Richiedono “fedeltà” a tutto spiano anche i Cinque Stelle, Pippo Civati e i sui di Possibile, la Lega. Francesco Palo Sisto di FI e persino Ignazio La Russa che oggi si intrattiene nelle file di Fdi.

La “fedeltà”, dunque, è la parola che unisce tutti gli schieramenti e, visto, i numeri, ha buone possibilità di entrare davvero del Ddl all’esame.

Ma fra i tanti emendamenti spuntano altre chicche. C’è qualcuno , per esempio, che vorrebbe estendere l’obiezione di coscienza a: “I funzionari e gli impiegati addetti alla Conservatoria dei registri immobiliari”, i “notai”, e persino “gli imprenditori, nonché i commercianti e gli esercenti pubblici esercizi”.

Immaginiamo per un attimo che una coppia gay decida di festeggiare la sua unione civile offrendo agli amici la classica torta matrimoniale. Ci deve rinunciare se incappa in un pasticciere obiettore.
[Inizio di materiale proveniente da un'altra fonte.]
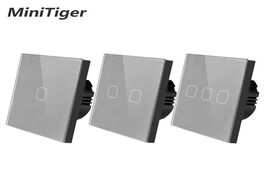 Foto van Elektrisch installatiemateriaal minitiger eu uk standard 1 2 3 gang way touch switch gray crystal gl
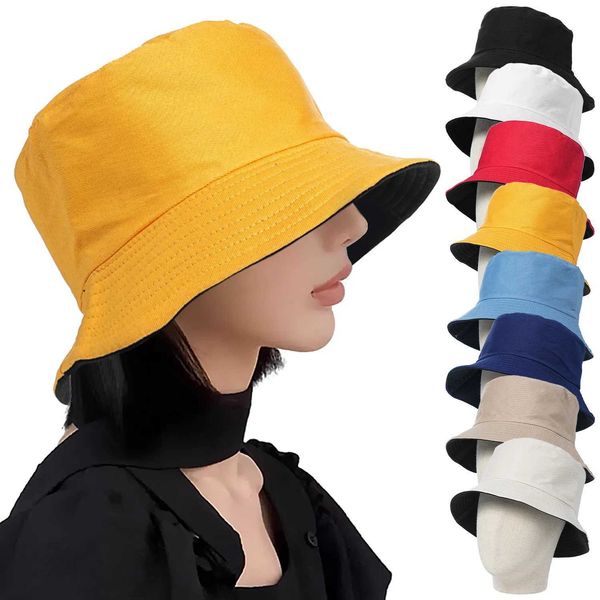 Breite Krempelnhüte Eimerhüte Neue Unisex Baumwollschale Hut Doppelseitiger Frauen Sommer Sonnenschutz Panama Herren Outdoor Fisherman Beach Hut Boonie Sunhat 240424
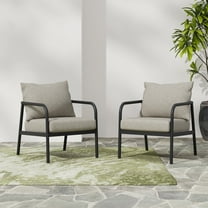 Aluminum Outdoor Club Chairs with Padded Cushions, Beige Black, Set of 2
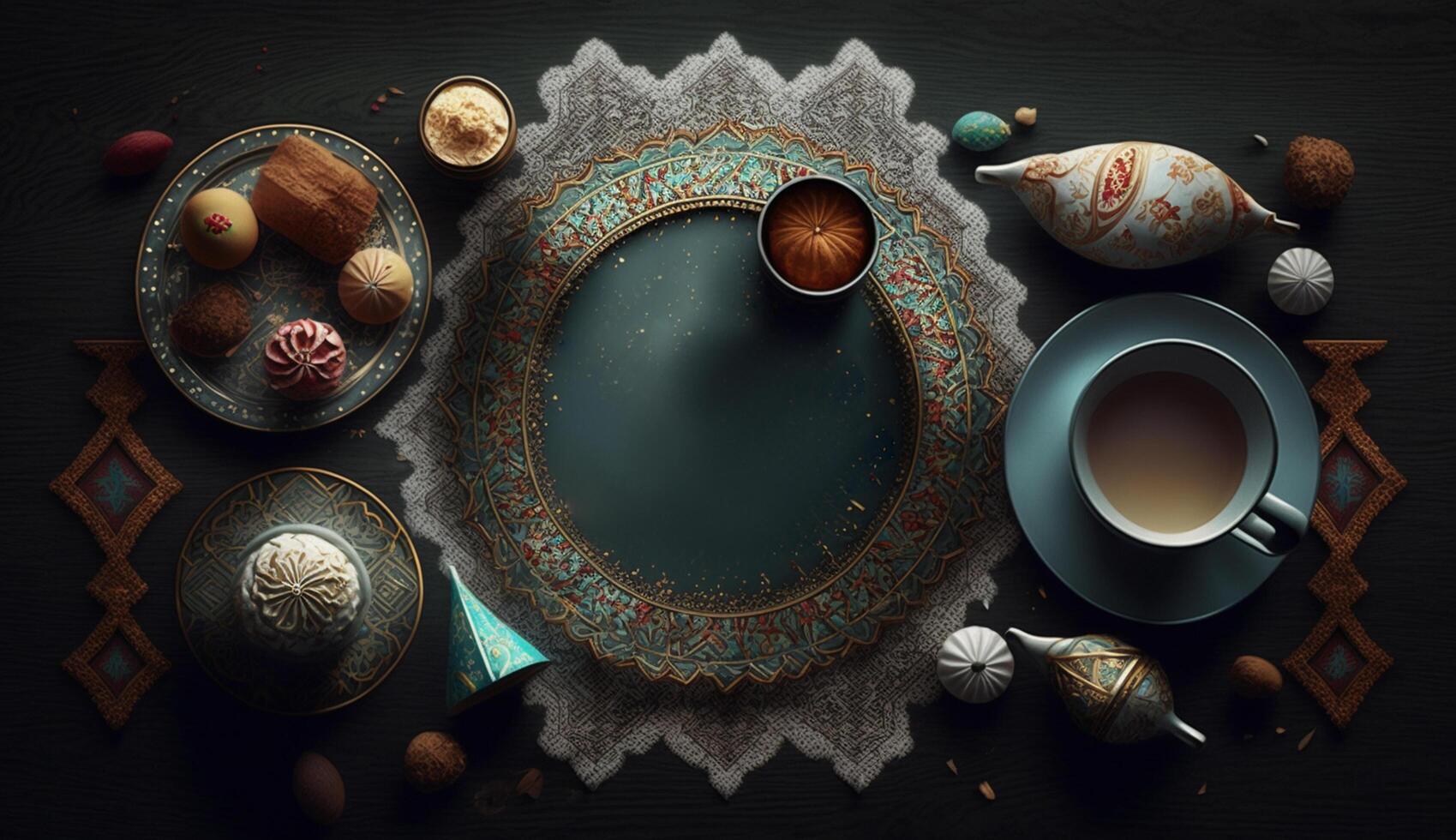 festeggiare il fine di Ramadan eid al Fitr feste nel il città ai generato foto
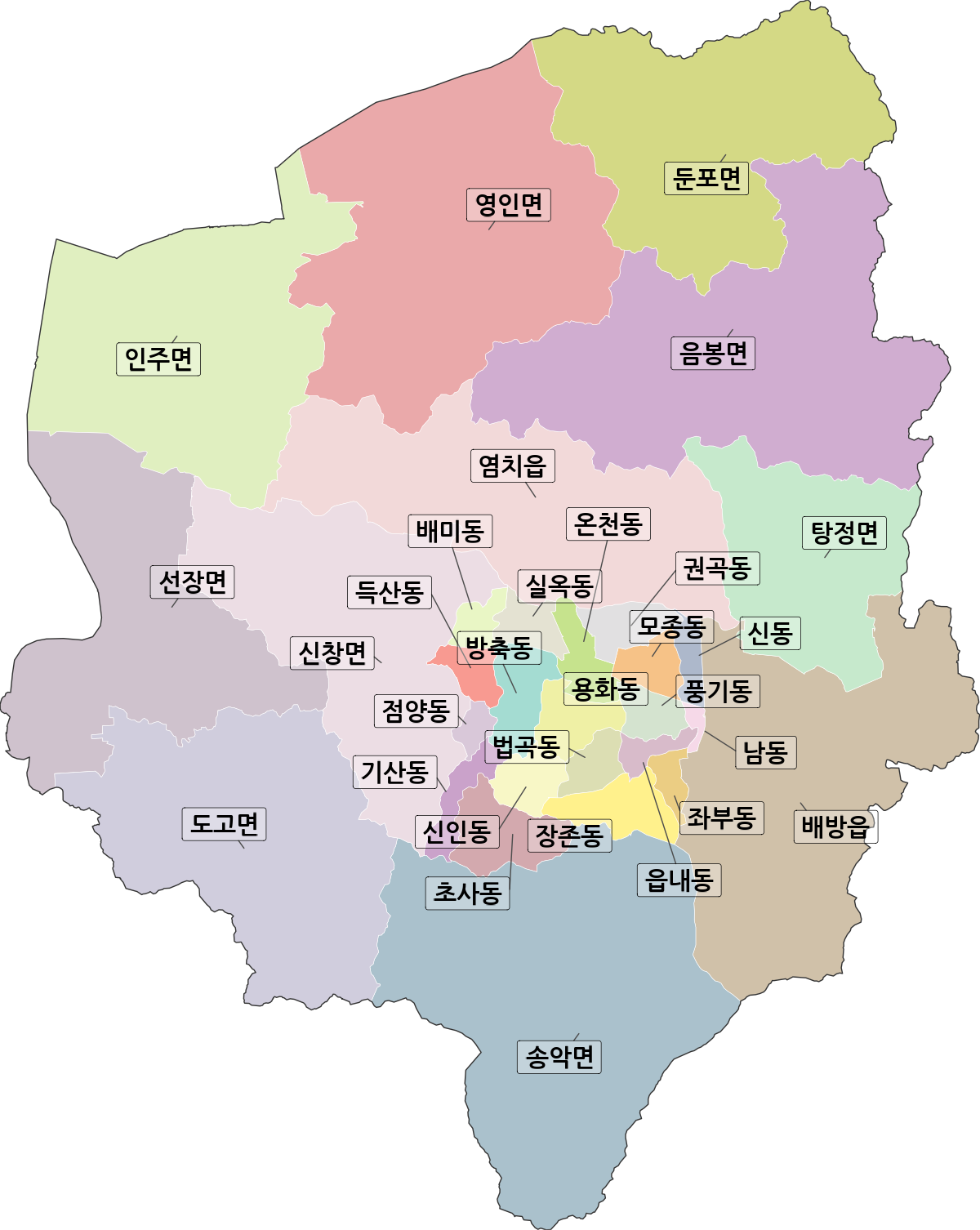 충청남도 아산시 법정동 행정구역 경계 지도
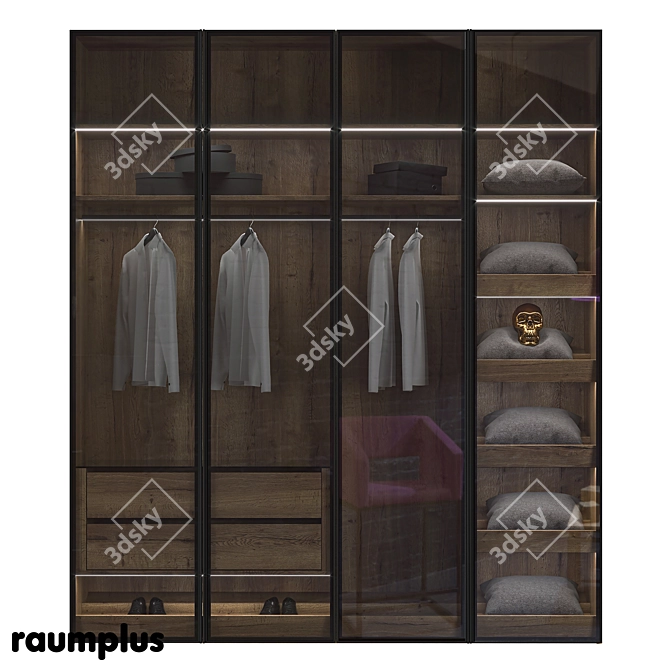 Versatile Hinged Cabinet with RPE Sistema Raumplus 3D model image 9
Perché, per come si stanno mettendo le cose, vi pare che non uscirà il politico fantasioso di turno che pur di fare ostruzionismo, pensa di estendere l’obiezione a pasticcieri, ristoratori, sarti, boutique, gioiellieri e quant’altro?

E’ esagerato. No. Perché dovrebbe, in fondo chi vuole i sindaci obiettori ha anche pensato di estendere l’obiezione a tutto il Comune: “Il sindaco e i suoi sostituti, gli assessori comunali, i consiglieri comunali, i segretari comunali, i funzionari comunali e circoscrizionali, gli impiegati addetti allo stato civile e i dipendenti comunali”.

Altra sorpresa. Qualcuno dei Cinque stelle in un emendamento ha riproposto la stepchild adoption. Ma non era stata stralciata dal provvedimento approvato in Senato proprio dopo il voltafaccia dei grillini?